To illustrate the outcomes, both the calculated results and the performance of our proposed NFDenseNet201 are depicted in Fig. 4.

Fig. 4
figure 4

Comparative analysis of pre-trained CNNs for the NFS architecture using Case 2

Figure 4 demonstrates that the optimal deep feature extraction model for our proposed deep feature engineering architecture is DenseNet201, achieving an impressive accuracy of 97.09%. Following closely, InceptionV3 attains a respectable accuracy of 95.33%. Conversely, among the pre-trained CNNs, MobileNetV2 exhibits the lowest performance for this particular problem, with an accuracy of 92.33%.

Key characteristics of the NFSDense201 model are outlined as follows:

  • We introduce a novel nested patch division method, which enables effective feature extraction from SEM images.

  • This method is combined with downstream deep feature extraction using a pre-trained deep network, resulting in a novel deep feature engineering model.

  • The model is trained and evaluated on an extensive dataset comprising 21,272 SEM images.

  • Remarkably, NFSDense201 achieves classification accuracy rates of 97.09% and 99.53% for ten- and four-class SEM image classification tasks, respectively, using a standard shallow SVM classifier without any optimization. These results compare favorably with existing literature.

  • NFSDense201 demonstrates computational efficiency, making it highly practical for implementation.

  • The presented architecture can be readily adapted to address various classification problems.
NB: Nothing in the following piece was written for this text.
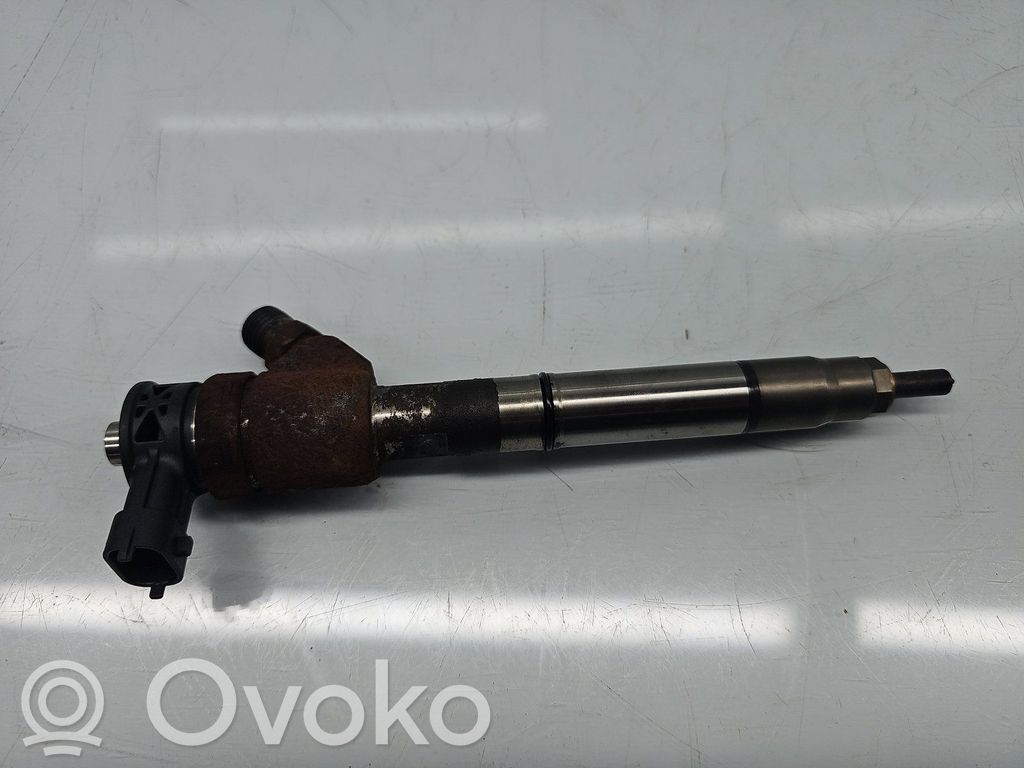 Hyundai Tucson TL Injector combustibil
Nevertheless, certain limitations should be acknowledged. In this study, we employ a cubic SVM classifier without hyperparameter tuning, potentially hindering the model's performance. Exploring optimization methods may yield improved classification results. Additionally, alternative advanced classifiers could have been examined. However, the primary focus of this work is to showcase the discriminative capabilities of the features generated by the main upstream model components, namely the novel nested patch division and the pre-trained DenseNet201. Given this objective, a robust yet shallow classifier like SVM adequately serves our present research goals.

6 Conclusions

In this study, we have successfully demonstrated the feasibility and practicality of the NFSDense201 model for accurate SEM image classification. By integrating the innovative nested patch division technique and efficient deep feature extraction using the pre-trained DenseNet201, we have achieved outstanding classification results. Leveraging the INCA feature selector in combination with a cubic SVM classifier, our model achieved remarkable accuracy rates of 97.09% and 99.53% for ten- and four-class classification tasks, respectively. Notably, these results were obtained using the largest publicly available SEM image dataset.
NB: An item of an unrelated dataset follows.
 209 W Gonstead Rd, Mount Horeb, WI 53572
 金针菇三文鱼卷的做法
Our proposed model exhibits several desirable qualities. Firstly, it is computationally lightweight, enabling efficient processing of images. Secondly, its implementation is straightforward, ensuring ease of use for researchers and practitioners. Moreover, we believe that the NFSDense201 model holds promise beyond SEM image classification and can be readily applied to other computer vision tasks with minimal modifications.
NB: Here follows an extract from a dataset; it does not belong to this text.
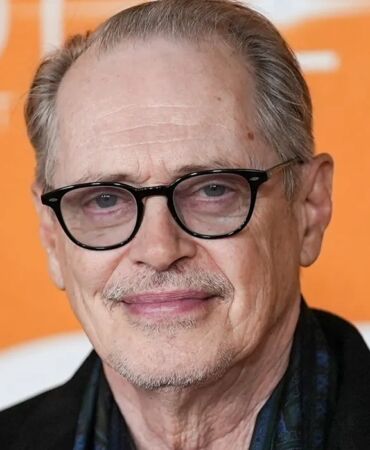 Steve Buscemi Wednesday'in 2. sezonunda bambaşka biri olarak karşımızda2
As future research directions, we suggest exploring alternative methods and networks to enhance the nested patch division and/or replace the pre-trained DenseNet201 model. By integrating these new components, we can develop next-generation feature engineering models tailored to diverse image classification applications. This avenue of investigation has the potential to further improve the performance and versatility of our approach.